Exercise instructions — The lines from the first line of the entries through the line containing "Southwest Airlines Boeing" are to be repeated exactly, with both of those lines included.

'''

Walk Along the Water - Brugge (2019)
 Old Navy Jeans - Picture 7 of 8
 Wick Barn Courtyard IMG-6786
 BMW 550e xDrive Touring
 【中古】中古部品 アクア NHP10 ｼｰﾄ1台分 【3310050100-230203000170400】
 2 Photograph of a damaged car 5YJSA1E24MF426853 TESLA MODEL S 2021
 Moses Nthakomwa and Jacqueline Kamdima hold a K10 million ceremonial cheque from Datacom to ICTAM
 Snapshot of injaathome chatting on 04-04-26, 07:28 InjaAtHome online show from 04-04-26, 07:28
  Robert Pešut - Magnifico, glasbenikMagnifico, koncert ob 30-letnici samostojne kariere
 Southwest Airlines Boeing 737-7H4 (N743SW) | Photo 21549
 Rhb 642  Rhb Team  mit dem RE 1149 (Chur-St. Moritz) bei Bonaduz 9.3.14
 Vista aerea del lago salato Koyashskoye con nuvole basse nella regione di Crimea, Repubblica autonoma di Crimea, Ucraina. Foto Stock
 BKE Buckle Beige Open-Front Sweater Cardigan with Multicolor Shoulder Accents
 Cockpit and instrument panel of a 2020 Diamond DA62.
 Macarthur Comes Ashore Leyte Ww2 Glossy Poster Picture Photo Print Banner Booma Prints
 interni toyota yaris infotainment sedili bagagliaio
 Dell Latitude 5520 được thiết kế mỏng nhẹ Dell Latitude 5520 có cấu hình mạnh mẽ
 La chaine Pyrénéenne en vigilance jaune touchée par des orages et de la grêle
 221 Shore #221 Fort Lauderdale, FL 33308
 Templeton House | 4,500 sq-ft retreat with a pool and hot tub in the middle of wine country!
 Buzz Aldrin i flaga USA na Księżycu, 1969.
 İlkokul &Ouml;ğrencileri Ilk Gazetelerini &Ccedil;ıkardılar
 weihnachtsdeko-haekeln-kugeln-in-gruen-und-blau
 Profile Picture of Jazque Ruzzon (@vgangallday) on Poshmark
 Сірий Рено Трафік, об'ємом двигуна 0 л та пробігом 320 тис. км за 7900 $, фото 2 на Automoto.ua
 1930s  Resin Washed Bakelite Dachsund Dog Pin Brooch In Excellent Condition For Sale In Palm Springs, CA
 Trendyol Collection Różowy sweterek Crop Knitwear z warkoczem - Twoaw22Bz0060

'''

Solution to this exercise —
Walk Along the Water - Brugge (2019)
 Old Navy Jeans - Picture 7 of 8
 Wick Barn Courtyard IMG-6786
 BMW 550e xDrive Touring
 【中古】中古部品 アクア NHP10 ｼｰﾄ1台分 【3310050100-230203000170400】
 2 Photograph of a damaged car 5YJSA1E24MF426853 TESLA MODEL S 2021
 Moses Nthakomwa and Jacqueline Kamdima hold a K10 million ceremonial cheque from Datacom to ICTAM
 Snapshot of injaathome chatting on 04-04-26, 07:28 InjaAtHome online show from 04-04-26, 07:28
  Robert Pešut - Magnifico, glasbenikMagnifico, koncert ob 30-letnici samostojne kariere
 Southwest Airlines Boeing 737-7H4 (N743SW) | Photo 21549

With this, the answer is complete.